> **Assignment**
The result should be an exact copy of only the lines from the one with "Buiten wandlamp met" through the last line of the data below, with pictures omitted.

= Beginning of Section =

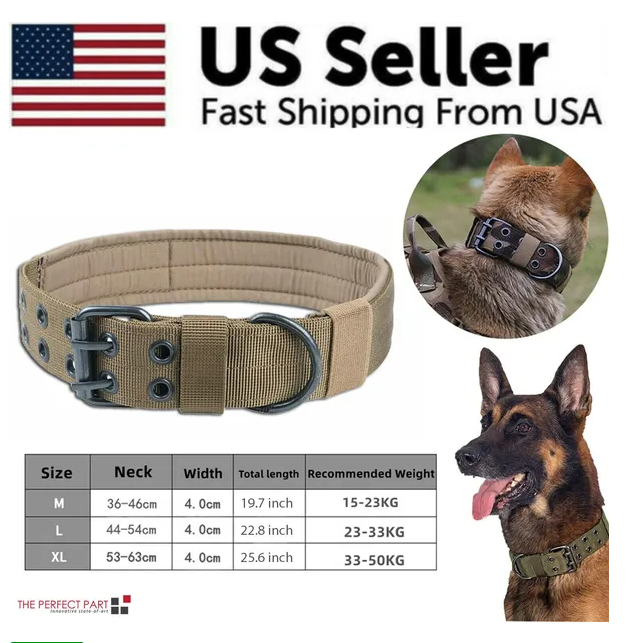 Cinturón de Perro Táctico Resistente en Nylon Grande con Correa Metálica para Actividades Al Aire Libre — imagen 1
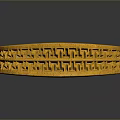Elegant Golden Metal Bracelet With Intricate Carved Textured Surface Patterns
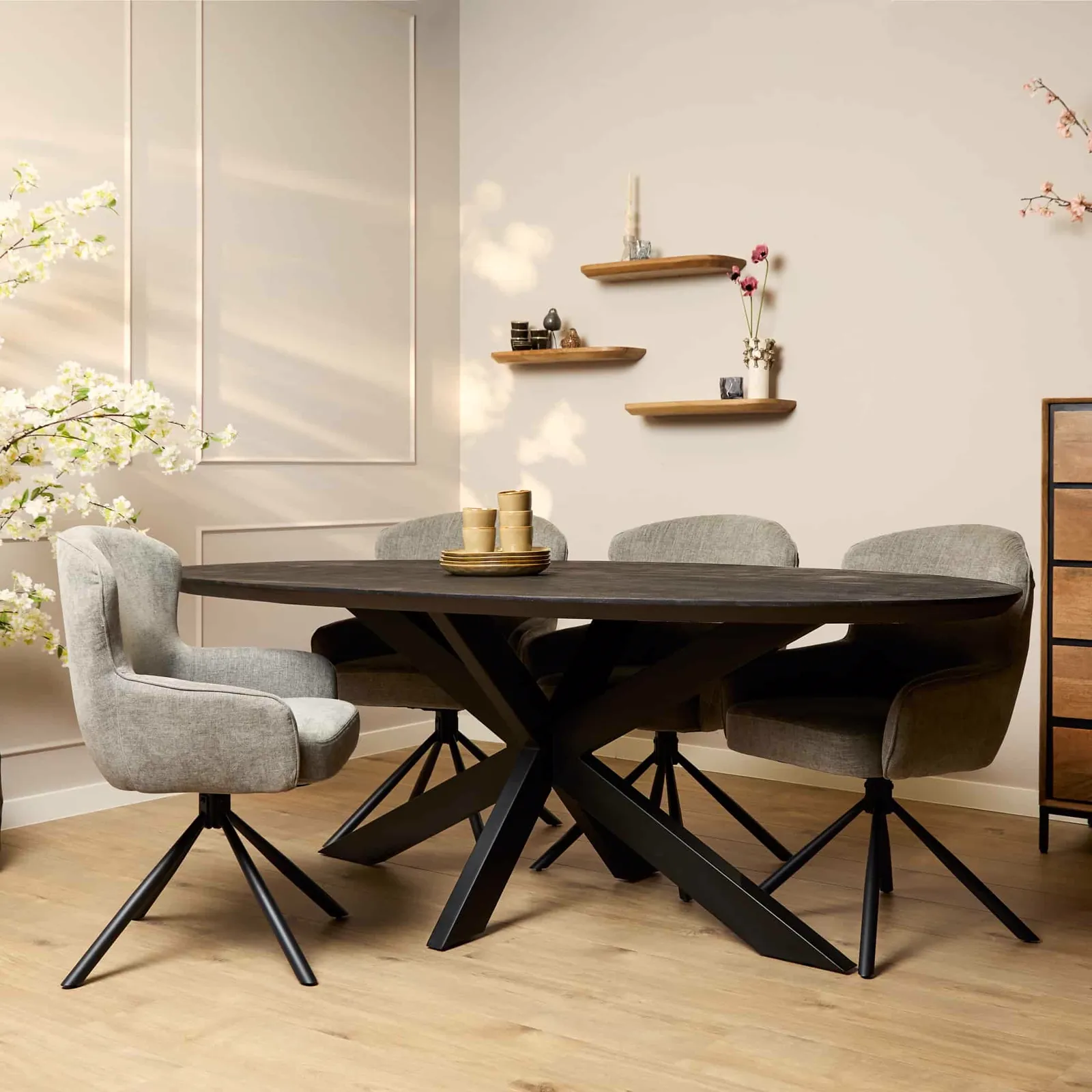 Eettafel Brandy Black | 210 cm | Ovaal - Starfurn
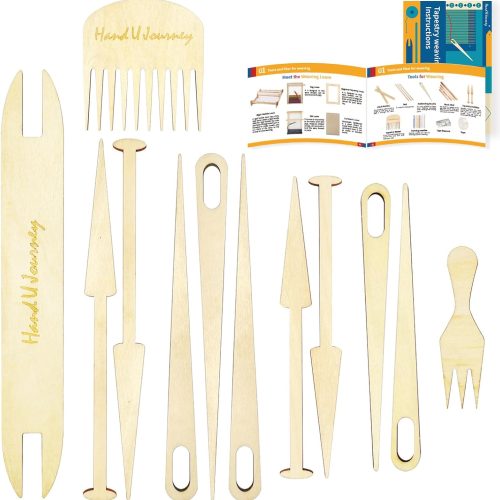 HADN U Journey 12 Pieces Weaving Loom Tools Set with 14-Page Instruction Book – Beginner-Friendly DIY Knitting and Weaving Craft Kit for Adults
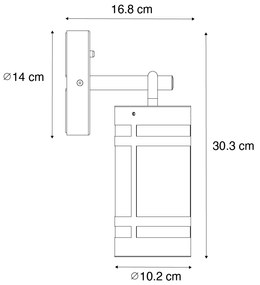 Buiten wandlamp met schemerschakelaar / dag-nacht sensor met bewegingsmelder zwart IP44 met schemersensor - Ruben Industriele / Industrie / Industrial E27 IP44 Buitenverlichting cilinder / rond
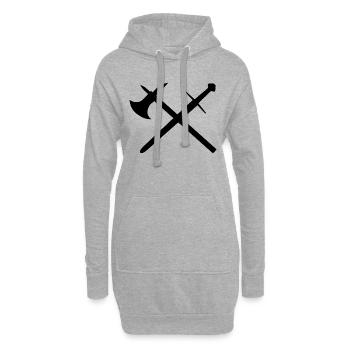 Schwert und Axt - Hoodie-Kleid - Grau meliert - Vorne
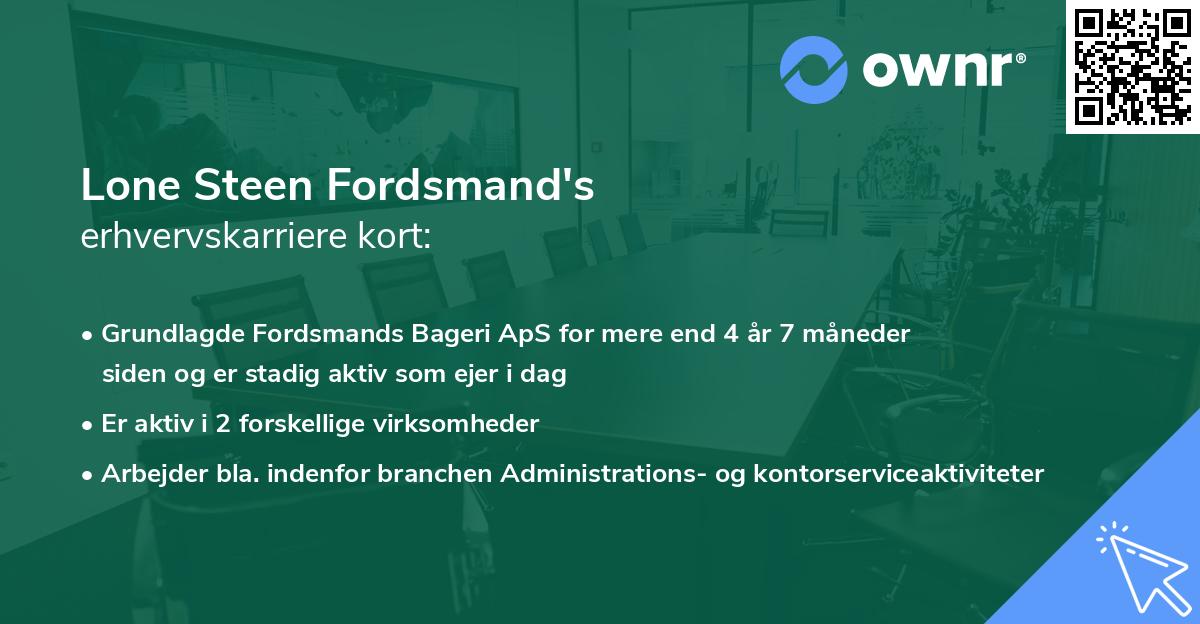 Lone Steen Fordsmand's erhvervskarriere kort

= End of Section =

> **Task result**
 Buiten wandlamp met schemerschakelaar / dag-nacht sensor met bewegingsmelder zwart IP44 met schemersensor - Ruben Industriele / Industrie / Industrial E27 IP44 Buitenverlichting cilinder / rond
 Schwert und Axt - Hoodie-Kleid - Grau meliert - Vorne
 Lone Steen Fordsmand's erhvervskarriere kort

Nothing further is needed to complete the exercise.